It is absolutely disgraceful that the number of pupils leaving our schools with no passes at GCSE rose from 7 per cent. in 1993 to 7.8 per cent. in 1995. According to a recent parliamentary question tabled by hon. Friend the Member for Brightside, 41,389 pupils left school last year without a single GCSE pass. That is another demonstration of the Government's failure in education. Sir Geoffrey Holland—who, until recently, was the permanent secretary at the Department for Education and Employment—said that 13-year-olds in English schools lag two years behind their continental cohort, and that they never catch up.

The Government have recently published results that demonstrate another important problem. There is a huge achievement gap between the ages of 7 and 11. In English and mathematics, about 20 per cent. of pupils were below level 2 at the age of seven, whereas more than half were below level 4 at the age of 11. That is a very worrying trend in our pupils' achievements.

Mr. James Pawsey (Rugby and Kenilworth)

Will the hon. Gentleman give way?

Mr. Hall

No, I shall not give way. The Secretary of State did not give way to me, so I am not sure why I should give way to the hon. Gentleman. He can make his own speech in his own time, Mr. Deputy Speaker. I am sure that he will catch your eye if he behaves himself.

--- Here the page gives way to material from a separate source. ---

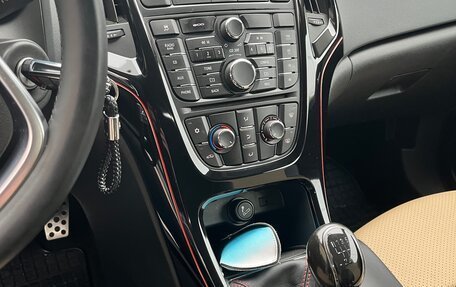 Opel Astra J, 2013 год, 1 050 000 рублей, 24 фотография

Ofsted has found that, in key stage 2 generally, there has been a slowing in pupil progress, particularly in years 3 and 4, and that that is a worryingly persistent feature of inspections in recent years.

My hon. Friend the Member for Brightside drew attention to the fact that, in the past five years, pupil-teacher ratios have worsened. That is a poor record of government, and I must ask: who is to blame for this sad state of affairs? We heard from the hon. Member for Castle Point (Dr. Spink)—he has left the Chamber—in a debate on education last Wednesday. He blamed teachers; he blamed parents; he blamed pupils; he blamed the Labour party. He exonerated the Government—fancy that.

Sir Rhodes Boyson (Brent, North)

It is the Labour party's fault.

Mr. Hall

The right hon. Gentleman says from a sedentary position that it is the Labour party's fault. He must have been asleep for the past 17 years. He sat on the Back Benches in government, taking no responsibility for the problems that they have created in our state education system.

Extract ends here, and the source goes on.